_Try it_
The number of lines below containing the word "sofa" is all that should be returned.

_Records for this task_
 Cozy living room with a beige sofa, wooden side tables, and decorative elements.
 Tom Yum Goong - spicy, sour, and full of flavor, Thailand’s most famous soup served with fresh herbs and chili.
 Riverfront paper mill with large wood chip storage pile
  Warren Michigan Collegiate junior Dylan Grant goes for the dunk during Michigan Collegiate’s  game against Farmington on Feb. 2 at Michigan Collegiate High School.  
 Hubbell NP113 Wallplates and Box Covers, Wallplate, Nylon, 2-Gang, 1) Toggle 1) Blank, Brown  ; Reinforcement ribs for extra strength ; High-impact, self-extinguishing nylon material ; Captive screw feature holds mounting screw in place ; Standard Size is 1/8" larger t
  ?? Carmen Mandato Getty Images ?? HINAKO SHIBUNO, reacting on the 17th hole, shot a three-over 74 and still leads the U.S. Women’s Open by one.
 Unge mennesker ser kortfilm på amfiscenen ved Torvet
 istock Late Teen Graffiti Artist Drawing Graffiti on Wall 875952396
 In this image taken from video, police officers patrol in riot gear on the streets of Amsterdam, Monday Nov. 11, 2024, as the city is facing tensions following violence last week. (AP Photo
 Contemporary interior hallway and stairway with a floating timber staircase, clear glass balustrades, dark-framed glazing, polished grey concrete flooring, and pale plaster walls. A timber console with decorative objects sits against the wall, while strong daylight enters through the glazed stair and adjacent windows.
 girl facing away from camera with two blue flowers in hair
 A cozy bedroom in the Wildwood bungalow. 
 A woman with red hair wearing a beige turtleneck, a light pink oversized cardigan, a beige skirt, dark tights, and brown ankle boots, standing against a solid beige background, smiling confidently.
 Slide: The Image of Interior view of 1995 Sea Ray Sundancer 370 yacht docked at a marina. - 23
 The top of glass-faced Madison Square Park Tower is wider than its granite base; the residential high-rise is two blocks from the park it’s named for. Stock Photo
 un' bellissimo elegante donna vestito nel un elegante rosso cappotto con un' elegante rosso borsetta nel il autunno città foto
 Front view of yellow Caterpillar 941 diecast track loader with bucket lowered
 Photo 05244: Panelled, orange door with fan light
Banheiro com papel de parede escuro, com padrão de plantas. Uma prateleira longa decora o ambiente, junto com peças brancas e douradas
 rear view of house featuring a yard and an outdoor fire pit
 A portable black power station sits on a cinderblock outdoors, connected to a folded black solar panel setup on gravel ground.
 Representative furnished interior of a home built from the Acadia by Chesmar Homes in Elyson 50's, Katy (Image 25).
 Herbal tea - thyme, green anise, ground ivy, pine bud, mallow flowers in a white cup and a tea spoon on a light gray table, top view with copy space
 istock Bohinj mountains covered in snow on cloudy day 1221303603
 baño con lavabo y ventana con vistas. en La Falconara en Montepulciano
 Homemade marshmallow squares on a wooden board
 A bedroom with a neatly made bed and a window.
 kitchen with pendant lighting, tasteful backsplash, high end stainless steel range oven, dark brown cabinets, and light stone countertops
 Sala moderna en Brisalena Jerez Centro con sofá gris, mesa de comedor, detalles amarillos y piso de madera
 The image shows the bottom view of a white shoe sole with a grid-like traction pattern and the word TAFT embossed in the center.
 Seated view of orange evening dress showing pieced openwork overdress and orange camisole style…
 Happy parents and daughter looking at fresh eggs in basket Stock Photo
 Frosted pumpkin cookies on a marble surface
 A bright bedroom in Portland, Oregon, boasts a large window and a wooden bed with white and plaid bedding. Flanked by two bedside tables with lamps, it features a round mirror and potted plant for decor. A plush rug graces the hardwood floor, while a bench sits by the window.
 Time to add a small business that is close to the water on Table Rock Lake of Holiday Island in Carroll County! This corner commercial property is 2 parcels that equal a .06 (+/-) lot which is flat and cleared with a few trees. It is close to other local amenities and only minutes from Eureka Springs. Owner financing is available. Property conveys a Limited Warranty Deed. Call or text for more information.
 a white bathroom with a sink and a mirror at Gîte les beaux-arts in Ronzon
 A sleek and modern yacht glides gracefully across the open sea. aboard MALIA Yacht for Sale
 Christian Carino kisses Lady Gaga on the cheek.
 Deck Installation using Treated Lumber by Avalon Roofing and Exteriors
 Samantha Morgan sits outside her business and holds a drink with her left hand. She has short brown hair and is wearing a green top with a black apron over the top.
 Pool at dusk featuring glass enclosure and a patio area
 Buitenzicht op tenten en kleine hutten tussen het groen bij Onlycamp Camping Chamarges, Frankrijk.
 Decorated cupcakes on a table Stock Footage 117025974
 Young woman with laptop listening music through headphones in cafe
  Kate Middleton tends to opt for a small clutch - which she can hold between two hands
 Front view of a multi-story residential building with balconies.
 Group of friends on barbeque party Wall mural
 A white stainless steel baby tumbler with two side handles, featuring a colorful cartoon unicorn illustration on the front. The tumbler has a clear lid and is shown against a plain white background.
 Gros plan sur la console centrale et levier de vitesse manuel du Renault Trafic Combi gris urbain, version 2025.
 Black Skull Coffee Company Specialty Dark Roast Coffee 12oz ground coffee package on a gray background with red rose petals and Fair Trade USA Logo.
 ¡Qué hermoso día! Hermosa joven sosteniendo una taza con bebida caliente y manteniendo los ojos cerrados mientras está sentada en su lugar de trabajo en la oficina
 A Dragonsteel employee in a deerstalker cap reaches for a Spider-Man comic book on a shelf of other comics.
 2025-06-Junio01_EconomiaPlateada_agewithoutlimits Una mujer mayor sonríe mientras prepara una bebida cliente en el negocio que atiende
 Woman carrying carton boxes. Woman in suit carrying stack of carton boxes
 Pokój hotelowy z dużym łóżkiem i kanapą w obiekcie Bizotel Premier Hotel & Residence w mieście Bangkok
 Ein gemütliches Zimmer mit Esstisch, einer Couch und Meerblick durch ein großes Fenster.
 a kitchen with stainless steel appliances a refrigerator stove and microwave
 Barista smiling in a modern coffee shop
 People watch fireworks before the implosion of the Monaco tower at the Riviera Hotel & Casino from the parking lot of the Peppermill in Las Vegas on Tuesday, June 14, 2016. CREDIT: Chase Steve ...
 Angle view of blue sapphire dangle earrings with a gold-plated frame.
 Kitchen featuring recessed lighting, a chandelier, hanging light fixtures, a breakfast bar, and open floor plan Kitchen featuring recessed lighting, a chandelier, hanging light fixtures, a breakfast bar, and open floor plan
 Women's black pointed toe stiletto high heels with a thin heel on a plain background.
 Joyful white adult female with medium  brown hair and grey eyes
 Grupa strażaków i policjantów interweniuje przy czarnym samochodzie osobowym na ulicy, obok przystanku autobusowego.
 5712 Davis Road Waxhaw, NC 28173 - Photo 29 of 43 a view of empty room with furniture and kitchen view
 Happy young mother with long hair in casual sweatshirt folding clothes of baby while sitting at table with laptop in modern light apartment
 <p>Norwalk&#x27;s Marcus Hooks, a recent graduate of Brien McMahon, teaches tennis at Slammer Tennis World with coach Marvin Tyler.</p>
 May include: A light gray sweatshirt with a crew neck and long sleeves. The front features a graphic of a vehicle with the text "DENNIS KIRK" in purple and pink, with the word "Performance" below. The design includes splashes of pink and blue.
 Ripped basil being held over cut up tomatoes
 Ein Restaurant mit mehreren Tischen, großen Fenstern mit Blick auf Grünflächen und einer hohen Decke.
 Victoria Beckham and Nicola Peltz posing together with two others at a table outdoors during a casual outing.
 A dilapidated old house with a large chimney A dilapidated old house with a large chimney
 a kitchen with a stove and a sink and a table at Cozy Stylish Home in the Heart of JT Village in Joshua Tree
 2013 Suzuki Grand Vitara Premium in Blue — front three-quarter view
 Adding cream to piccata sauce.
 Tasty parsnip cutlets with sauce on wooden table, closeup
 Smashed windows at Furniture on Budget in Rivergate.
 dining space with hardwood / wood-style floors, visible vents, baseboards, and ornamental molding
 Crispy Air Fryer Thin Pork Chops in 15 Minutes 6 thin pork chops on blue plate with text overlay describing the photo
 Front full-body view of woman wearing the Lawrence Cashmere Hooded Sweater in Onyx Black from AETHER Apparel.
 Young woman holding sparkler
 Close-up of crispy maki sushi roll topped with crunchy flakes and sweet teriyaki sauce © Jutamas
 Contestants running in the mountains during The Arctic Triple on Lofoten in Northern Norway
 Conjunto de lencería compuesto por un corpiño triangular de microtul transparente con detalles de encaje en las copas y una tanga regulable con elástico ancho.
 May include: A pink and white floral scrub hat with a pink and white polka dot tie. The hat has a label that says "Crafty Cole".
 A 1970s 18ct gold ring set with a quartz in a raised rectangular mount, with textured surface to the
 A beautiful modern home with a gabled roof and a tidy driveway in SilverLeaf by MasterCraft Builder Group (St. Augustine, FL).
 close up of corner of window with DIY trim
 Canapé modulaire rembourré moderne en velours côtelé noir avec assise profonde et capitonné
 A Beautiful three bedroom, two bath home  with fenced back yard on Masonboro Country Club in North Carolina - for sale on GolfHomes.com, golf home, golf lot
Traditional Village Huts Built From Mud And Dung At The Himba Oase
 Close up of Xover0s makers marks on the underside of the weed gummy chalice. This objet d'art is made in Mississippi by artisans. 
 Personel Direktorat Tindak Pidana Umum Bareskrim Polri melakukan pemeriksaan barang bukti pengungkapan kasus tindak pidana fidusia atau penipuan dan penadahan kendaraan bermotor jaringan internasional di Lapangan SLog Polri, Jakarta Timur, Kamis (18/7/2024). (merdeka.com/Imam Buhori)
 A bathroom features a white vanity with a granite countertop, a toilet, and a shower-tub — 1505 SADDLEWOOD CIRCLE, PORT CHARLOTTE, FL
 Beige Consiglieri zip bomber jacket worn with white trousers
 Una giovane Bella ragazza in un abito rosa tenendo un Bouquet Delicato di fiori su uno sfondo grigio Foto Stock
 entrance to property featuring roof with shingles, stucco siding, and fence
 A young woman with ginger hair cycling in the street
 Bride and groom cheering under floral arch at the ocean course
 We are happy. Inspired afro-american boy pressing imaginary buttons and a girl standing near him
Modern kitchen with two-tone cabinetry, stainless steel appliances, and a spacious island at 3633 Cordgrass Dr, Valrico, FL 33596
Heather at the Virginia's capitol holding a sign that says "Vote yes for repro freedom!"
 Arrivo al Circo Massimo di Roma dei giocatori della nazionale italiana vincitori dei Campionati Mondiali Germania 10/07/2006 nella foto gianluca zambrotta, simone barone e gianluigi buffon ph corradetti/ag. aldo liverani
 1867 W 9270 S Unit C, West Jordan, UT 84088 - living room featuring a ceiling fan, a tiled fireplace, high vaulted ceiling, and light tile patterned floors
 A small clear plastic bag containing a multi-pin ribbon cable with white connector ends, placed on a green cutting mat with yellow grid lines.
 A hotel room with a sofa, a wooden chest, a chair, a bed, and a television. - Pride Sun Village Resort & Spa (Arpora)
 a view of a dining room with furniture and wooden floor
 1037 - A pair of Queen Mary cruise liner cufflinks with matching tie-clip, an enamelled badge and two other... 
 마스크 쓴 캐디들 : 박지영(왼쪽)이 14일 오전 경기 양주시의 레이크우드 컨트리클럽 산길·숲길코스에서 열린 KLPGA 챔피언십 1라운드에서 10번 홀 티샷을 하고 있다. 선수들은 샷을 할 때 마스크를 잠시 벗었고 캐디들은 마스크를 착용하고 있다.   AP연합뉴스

_Answer section_
2